A senior church official in Britain says he has been “deeply shocked” after seeing the aftermath of the Israeli regime’s 50-day military offensive against the blockaded Gaza Strip.
After paying a visit to the war-stricken Gaza Strip, Cardinal Vincent Nichols, the archbishop of Westminster, said he was “deeply shocked at the effects of war and endemic poverty,” the Guardian reported on Sunday.
Nichols, who is the leader of the Roman Catholic Church in England and Wales, also stated he had seen “a deeply depressing situation in a devastated region where people are trapped.”
The Israeli military unleashed aerial attacks on Gaza in early July and later expanded its military campaign with a ground invasion of the Palestinian strip.
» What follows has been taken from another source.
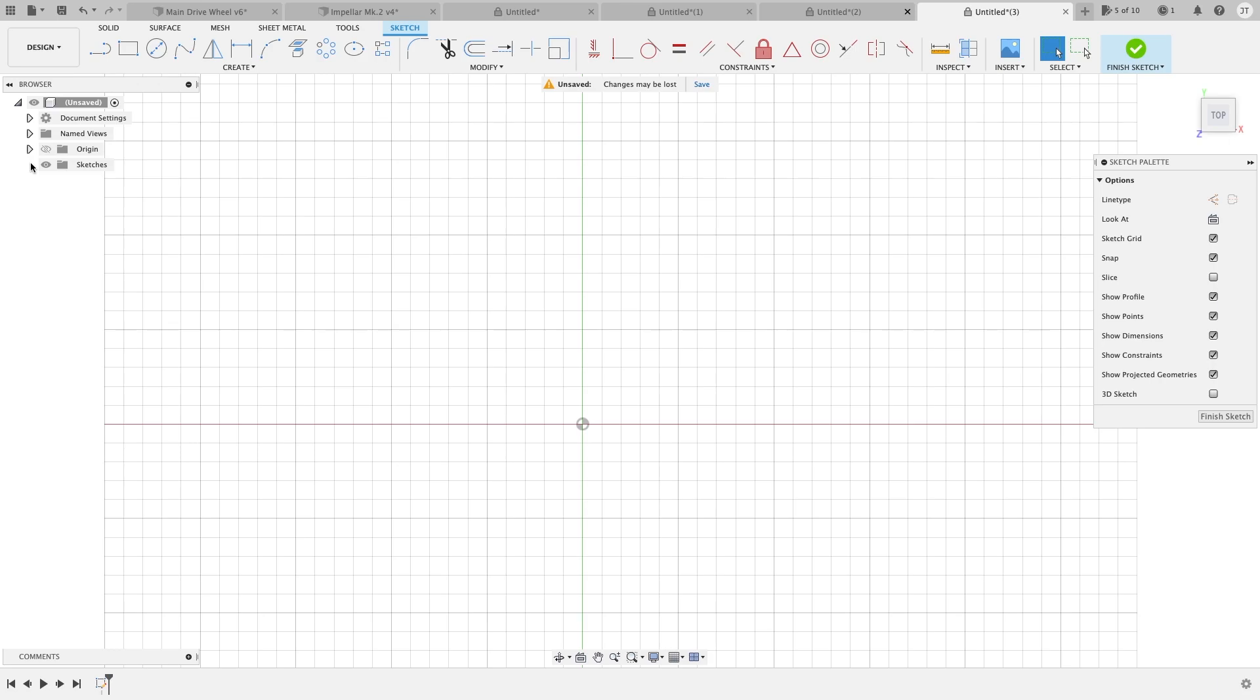Hello everyone and welcome again to another Fusion 360 tutorial. The topic for this video is arcs.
Over 2,130 Palestinians, including around 570 children, lost their lives and some 11,000 were injured in the raids.
During his trip to Gaza, Nichols also visited a hospital badly damaged by Israeli attacks as well as an orphanage caring for dozens of traumatized children who had lost their parents in the Israeli war.
He voiced concern over the deteriorating economic situation and the humanitarian crisis plaguing the Israeli-besieged Palestinian land following the regime’s brutal war.
“It’s astonishing the number of people with the appearance of nothing to do – people just sitting on the streets…This is not an economy that is going to be able to support its population,” he added.
The Tel Aviv regime did not even spare hospitals and UN-run schools sheltering thousands of Palestinians during its attacks against the impoverished coastal enclave.
Reports also say the Israeli military used banned weapons, including white phosphorous bombs, in its attacks on the residents of the densely-populated area, which has been under Israeli siege since 2007.